References also store a list of interpretations. Every possible interpretation of the reference is stored and given a numeric score. The higher the score, the better it suits the reference. In the MyFunction() example from before, MyClass.MyFunction() would have a higher score than just MyFunction() because the local scope should win. Each interpretation has a unique score, there are no duplicates.
So the symbol and reference data structures are complimentary. Each symbol has a list of every reference that might be interpreted as it, and every reference has a list of each symbol that it could be interpreted as. Again, objects are created for potential symbols (those with references but no definitions) so that this structure always remains intact.
The interpretation with the highest score which actually exists is deemed the current interpretation of the reference. Unlike symbols where the next global definition is arbitrary, the succession of reference interpretations is very controlled and predictable.
Change management is handled a couple of ways. First, there is a secondary file index in NaturalDocs::SymbolTable that stores which symbols and references are stored in each file. It doesn’t have any information other than a list of SymbolStrings and ReferenceStrings since they can be used in the main structures to look up the details. If a file is deleted, the symbol table can then prune any definitions that should no longer be in the table.
Another way deals with how the information parsing stage works. Files parsed for information just have their symbols and references added to the table regardless of whether this was the first time it was ever parsed or if it had been parsed before. If it had been parsed before, all the information from the previous parse should be in the symbol table and file indexes already. If a new symbol or reference is defined, that’s fine, it’s added to the table normally. However, if a symbol is redefined it’s ignored because only the first definition matters. Also, this won’t detect things that disappear.

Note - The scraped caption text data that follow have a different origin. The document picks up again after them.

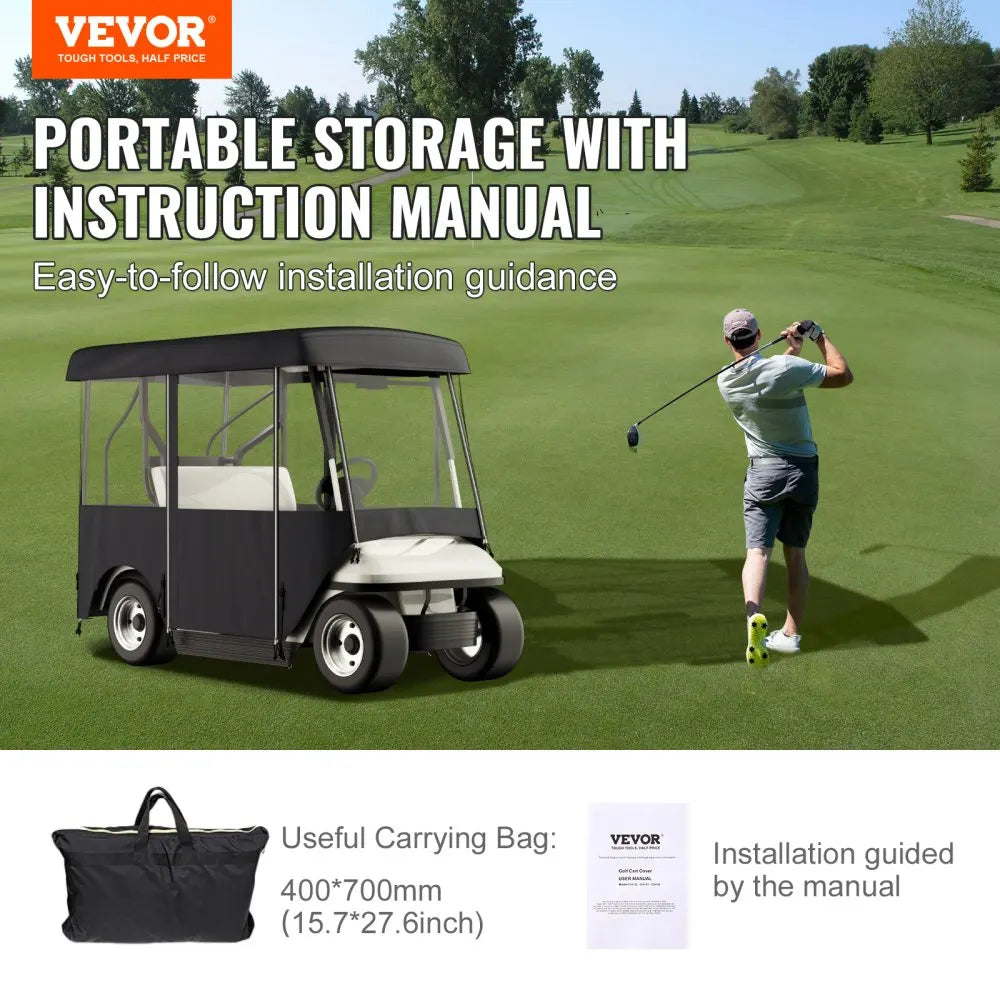 Golf Cart Rain Curtain Enclosure,Protective Anti-dust Sunscreen Rainproof Driving Enclosure with Transparent Windows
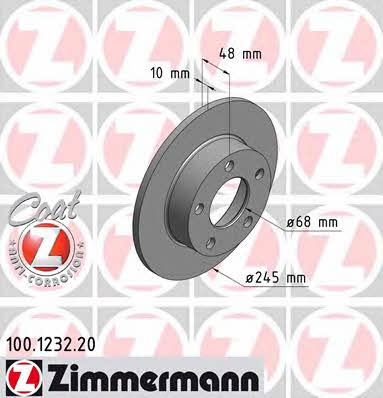 Otto Zimmermann 100.1232.20 Тормозной диск задний невентилируемый 100123220: Отличная цена - Купить в Польше на 2407.PL!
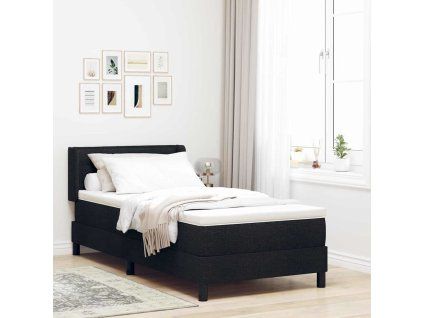 Postel s boxspringem s čelo 200 x 100 cm textil [3341029] (Barva Černý)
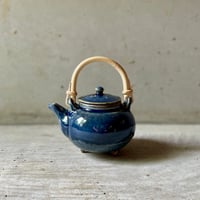 穂生窯　ミニ土瓶（呉須釉）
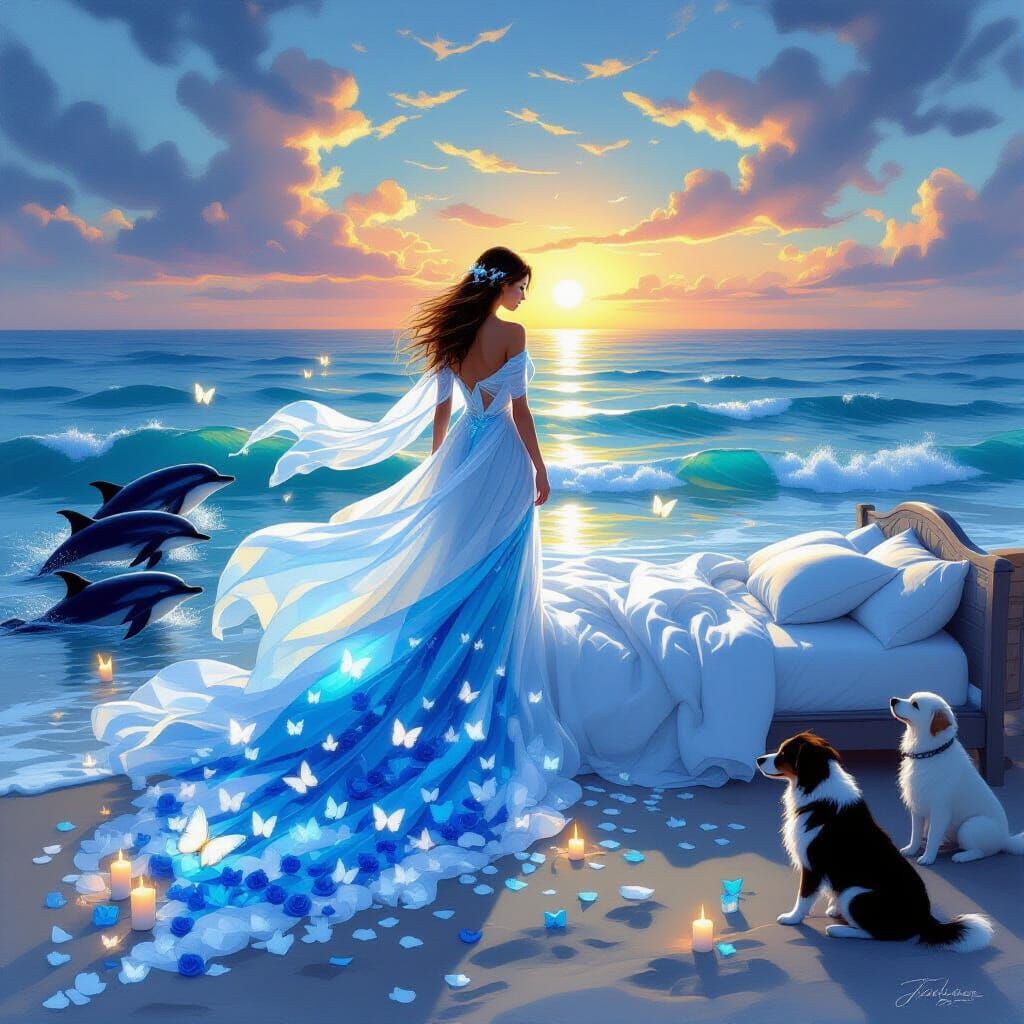 Woman's Soul Journeys Across Ocean in Dreamlike Oil Painting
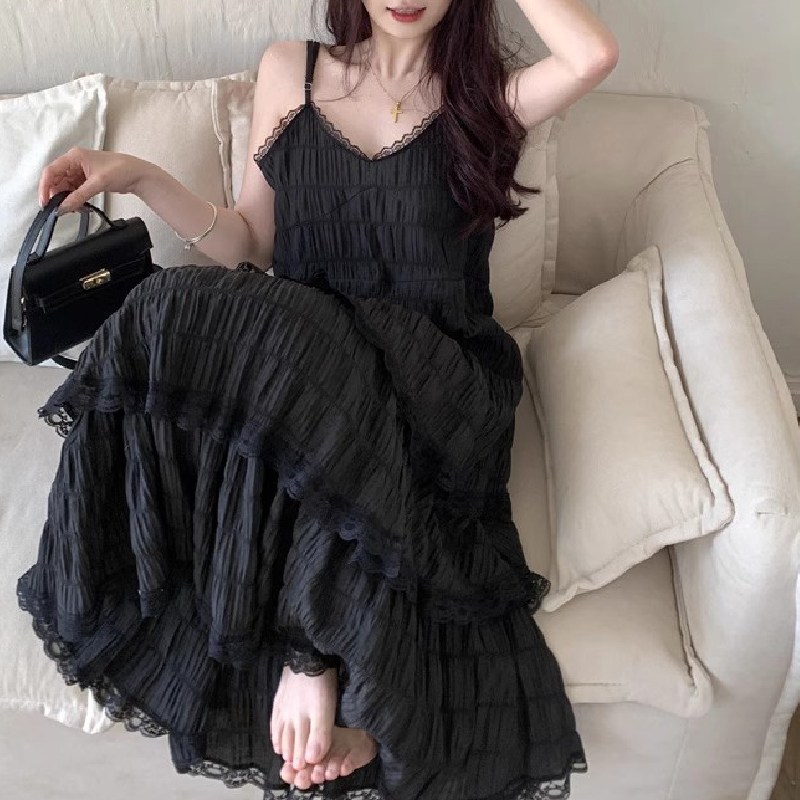  하이 3단 프릴 레이스 롱원피스 // 데일리 페미닌 프릴디테일 레이어드 롱 원피스 HI-5247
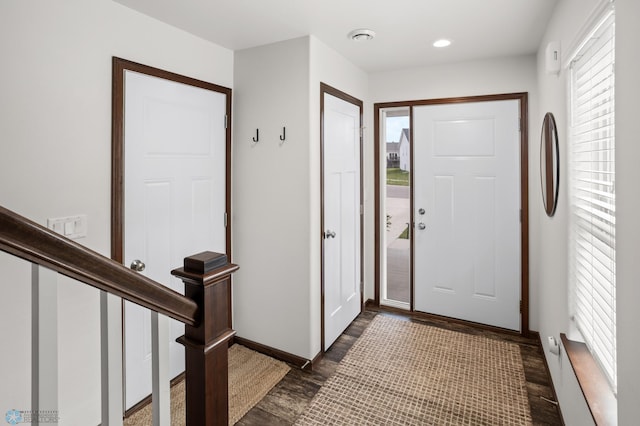 1592 69th Ave S, Fargo, ND 58104 - entryway featuring dark wood-type flooring, recessed lighting, and stairway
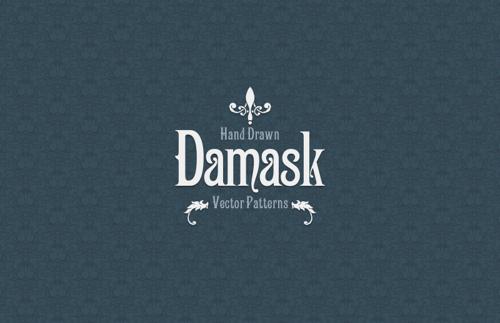 Hand Drawn Damask Vector Patterns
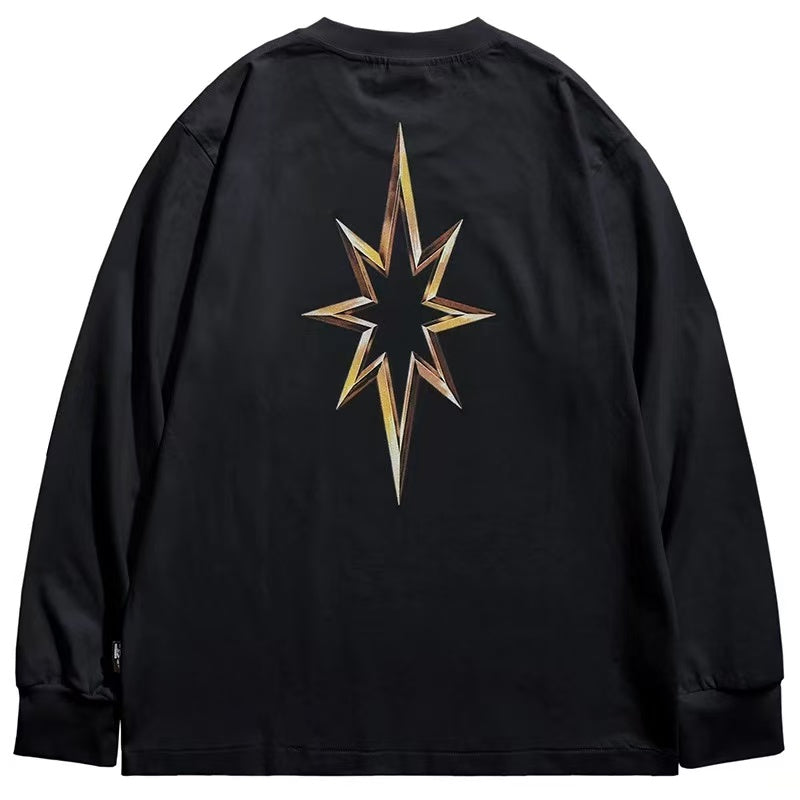REMEDY Octagram Star Print Long-sleeve Tee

Enter watched files. NaturalDocs::Parser tells NaturalDocs::SymbolTable to designate a file as watched before it starts parsing it, and then says to analyze the changes when it’s done. The watched file is a second index of all the symbols and references that were defined since the watch started, including the specific details on the symbol definitions. When the analysis is done, it compares the list of symbols and references to the one in the main file index. Any that appear in the main file index but not the watched one are deleted because they didn’t show up the second time around. Any symbol definitions that are different in the watched file than the main file are changed to the former, since the first definition that appeared the second time around was different than the original.
When a symbol’s global definition changes, either because it switches to another file or because the details of the current file’s definition changed (prototype, summary, etc.) it goes through all the references that can be interpreted as that symbol, finds the ones that use it as their current definition, and marks all the files that define them for rebuilding. The links in their output files have to be changed to the new definition or at least have their tooltips updated.
When a symbol’s last definition is deleted, it goes through all the references that can be interpreted as that symbol, finds the ones that use it as their current definition, and has them reinterpreted to the definition with the next highest score. The files that define them are also marked for rebuilding.
When a potential symbol’s first definition is found, it goes through all the references that can be interpreted as it and sees if it can serve as a higher scored interpretation than the current one. If so, the interpretations are changed and all the files that define them are marked for rebuilding.